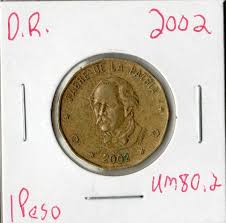 Coin Dominican Republic 1 Peso 2002 KM80.2 | eBay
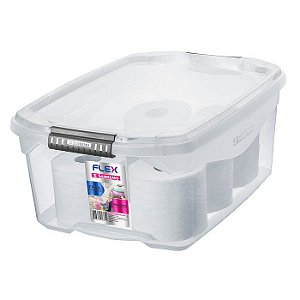 Caixa Organizadora Plastica 20L C/Trava Sr931 Sanremo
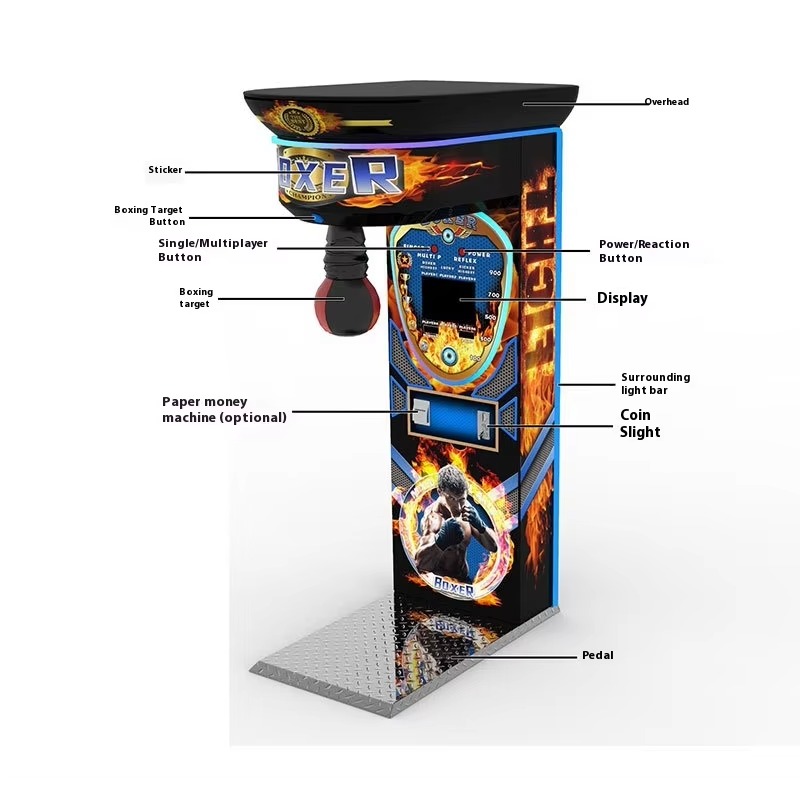 Black King Boxing Arcade Machi - Arcade Games & Vending Co recension och pris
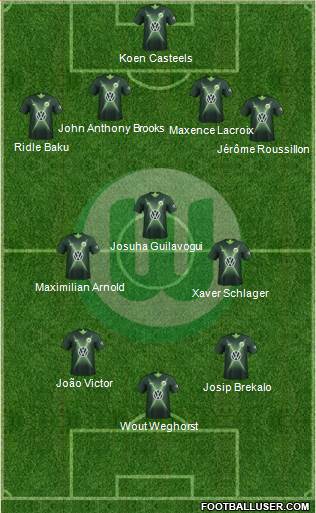 VfL Wolfsburg Formation 2020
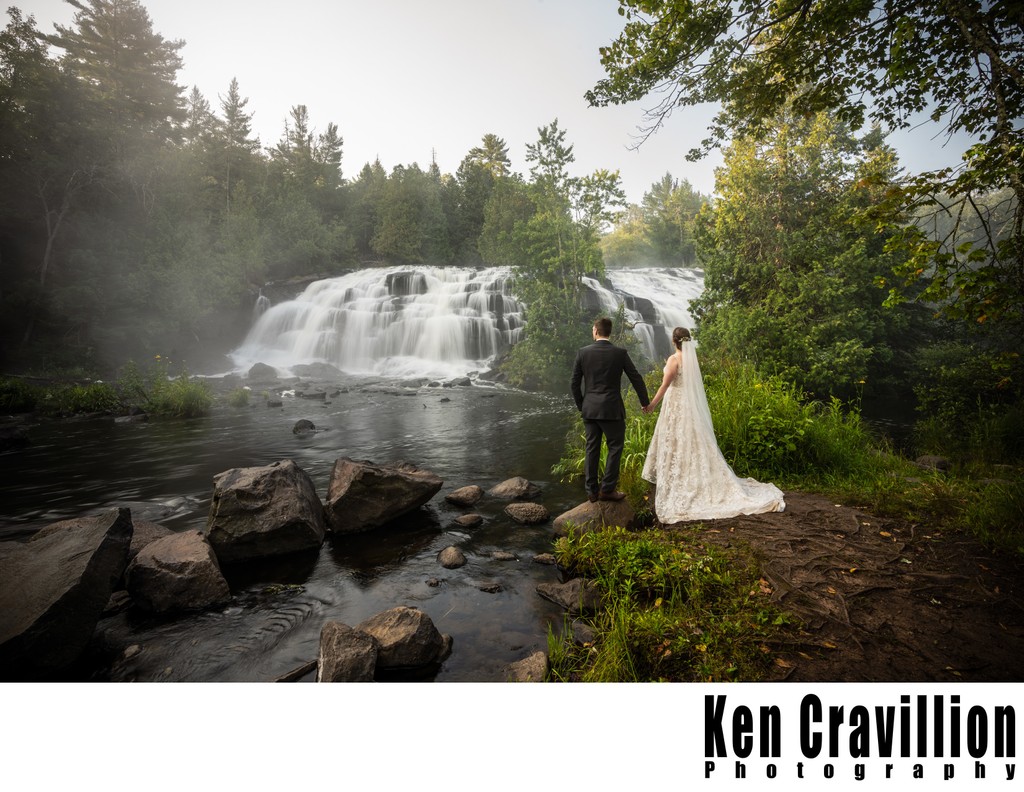 Bond Falls Upper Michigan Wedding Photo Photography 049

## Instructions to follow
Leave out the pictures and set down everything else in the entries above exactly.

## Reply
 Coin Dominican Republic 1 Peso 2002 KM80.2 | eBay
 Caixa Organizadora Plastica 20L C/Trava Sr931 Sanremo
 Black King Boxing Arcade Machi - Arcade Games & Vending Co recension och pris
 VfL Wolfsburg Formation 2020
 Bond Falls Upper Michigan Wedding Photo Photography 049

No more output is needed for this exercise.